**STORED DATA**

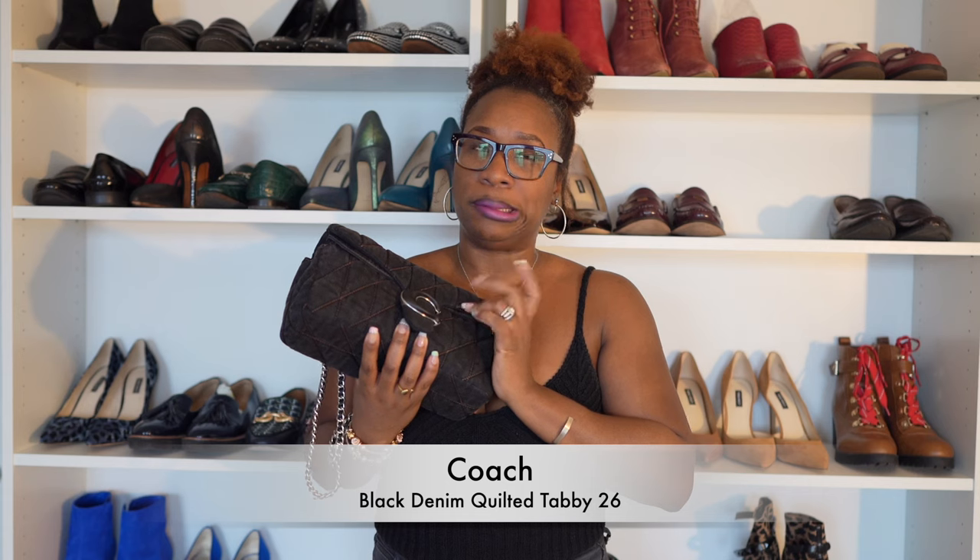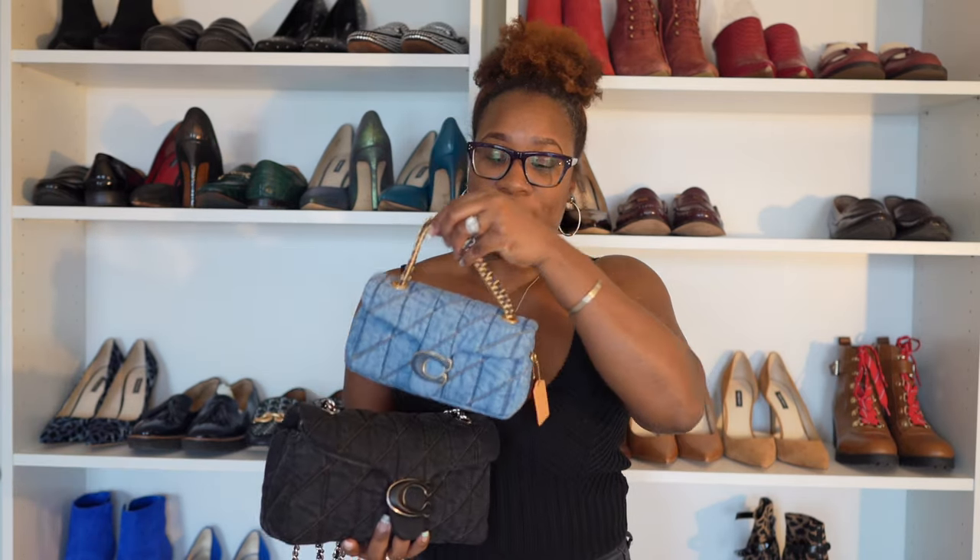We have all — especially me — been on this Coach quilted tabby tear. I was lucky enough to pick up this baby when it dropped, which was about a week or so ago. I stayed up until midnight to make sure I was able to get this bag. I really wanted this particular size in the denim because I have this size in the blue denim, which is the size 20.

--

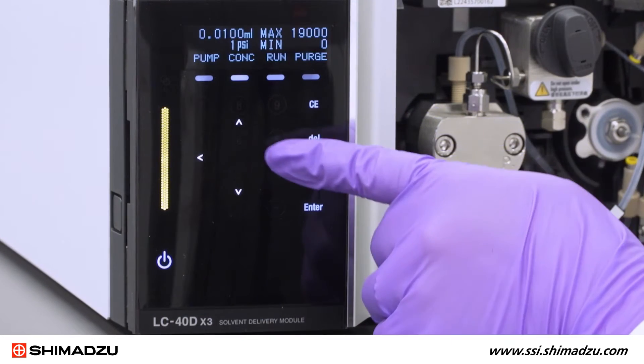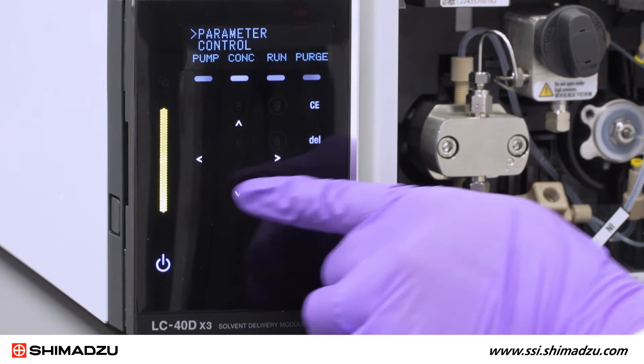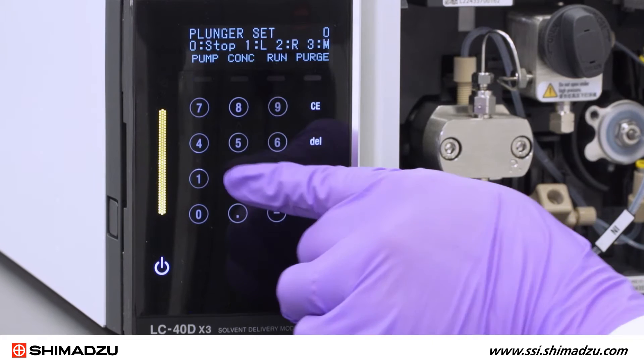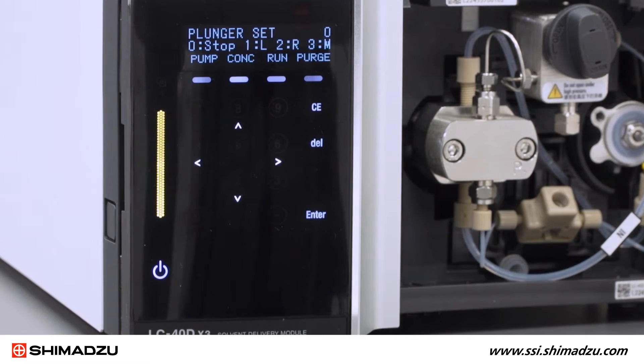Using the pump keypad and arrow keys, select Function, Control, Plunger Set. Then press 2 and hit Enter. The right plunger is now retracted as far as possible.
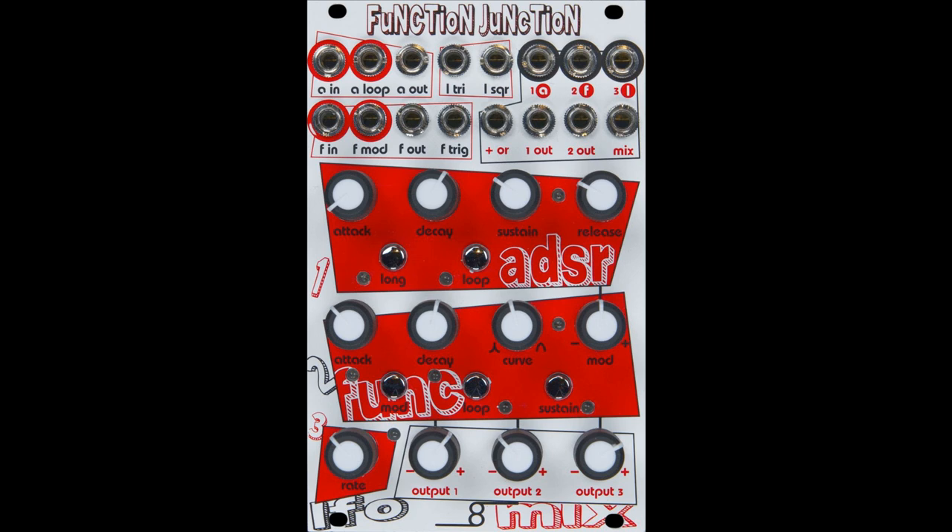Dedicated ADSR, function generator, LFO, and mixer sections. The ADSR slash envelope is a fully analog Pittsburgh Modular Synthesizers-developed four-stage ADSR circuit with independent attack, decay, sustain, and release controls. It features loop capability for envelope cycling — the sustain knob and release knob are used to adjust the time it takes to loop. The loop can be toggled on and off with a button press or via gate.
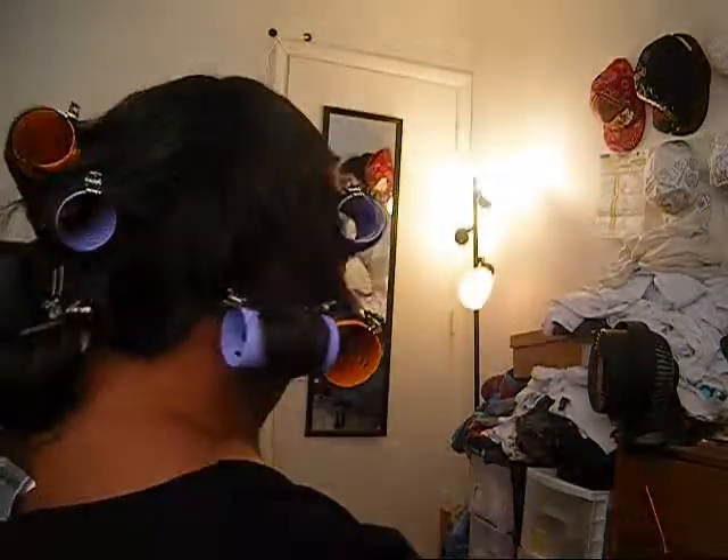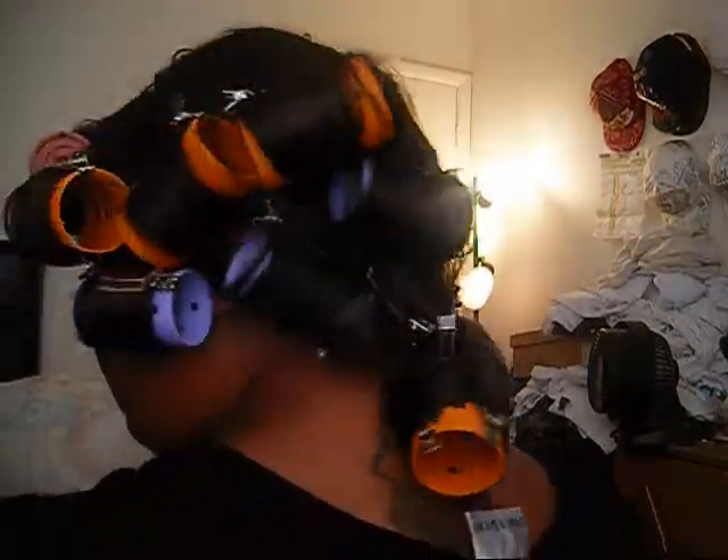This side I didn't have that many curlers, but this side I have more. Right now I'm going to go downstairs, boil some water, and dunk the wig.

---

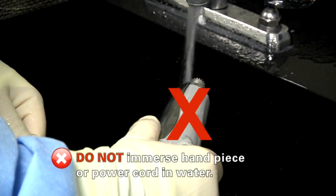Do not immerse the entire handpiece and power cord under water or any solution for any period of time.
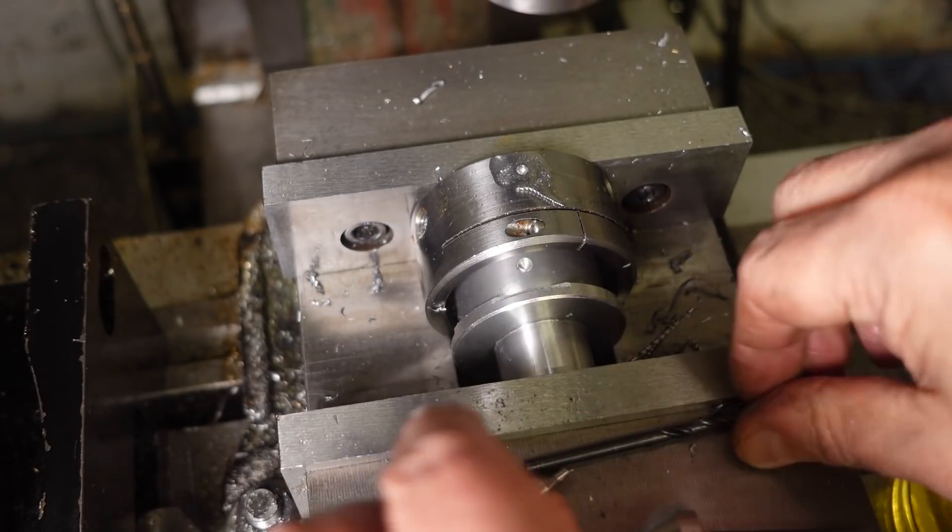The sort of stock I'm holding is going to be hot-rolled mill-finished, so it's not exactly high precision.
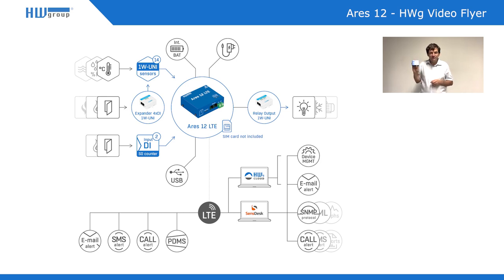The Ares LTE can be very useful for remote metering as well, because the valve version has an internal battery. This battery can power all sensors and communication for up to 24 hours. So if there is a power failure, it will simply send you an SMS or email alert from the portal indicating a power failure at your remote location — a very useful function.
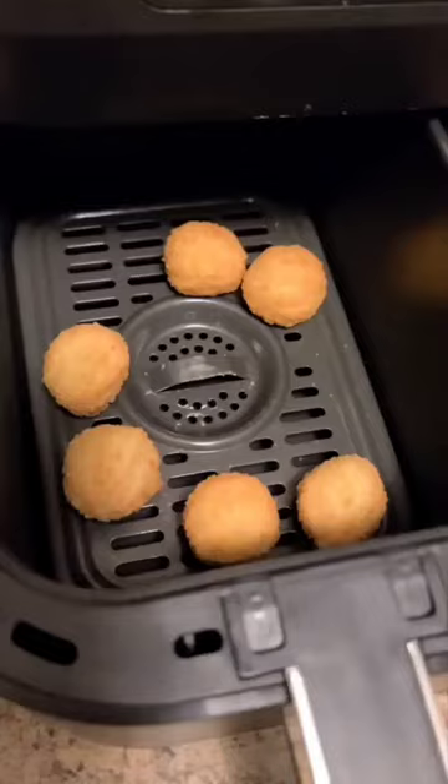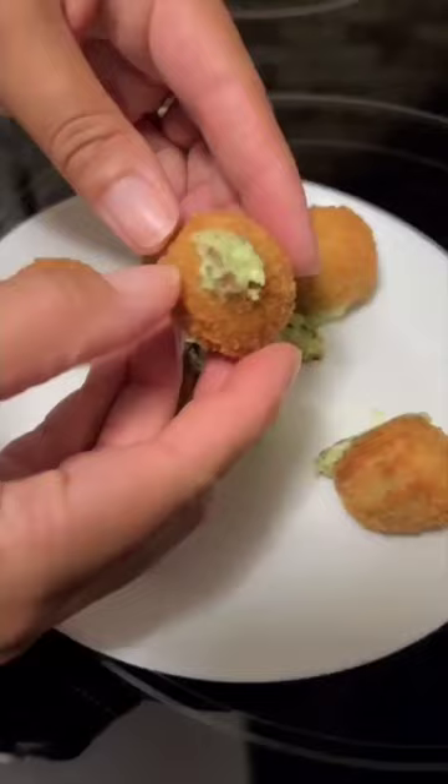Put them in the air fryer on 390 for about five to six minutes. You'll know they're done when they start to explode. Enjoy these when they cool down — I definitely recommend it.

**TRY IT**
Pictures in the entries do not go into the copy. Print only the lines starting at the one containing "Dedicated ADSR, function" and ending at the one containing "This side I didn't", exactly as they appear.

**WRITTEN SOLUTION**
Dedicated ADSR, function generator, LFO, and mixer sections. The ADSR slash envelope is a fully analog Pittsburgh Modular Synthesizers-developed four-stage ADSR circuit with independent attack, decay, sustain, and release controls. It features loop capability for envelope cycling — the sustain knob and release knob are used to adjust the time it takes to loop. The loop can be toggled on and off with a button press or via gate.
This side I didn't have that many curlers, but this side I have more. Right now I'm going to go downstairs, boil some water, and dunk the wig.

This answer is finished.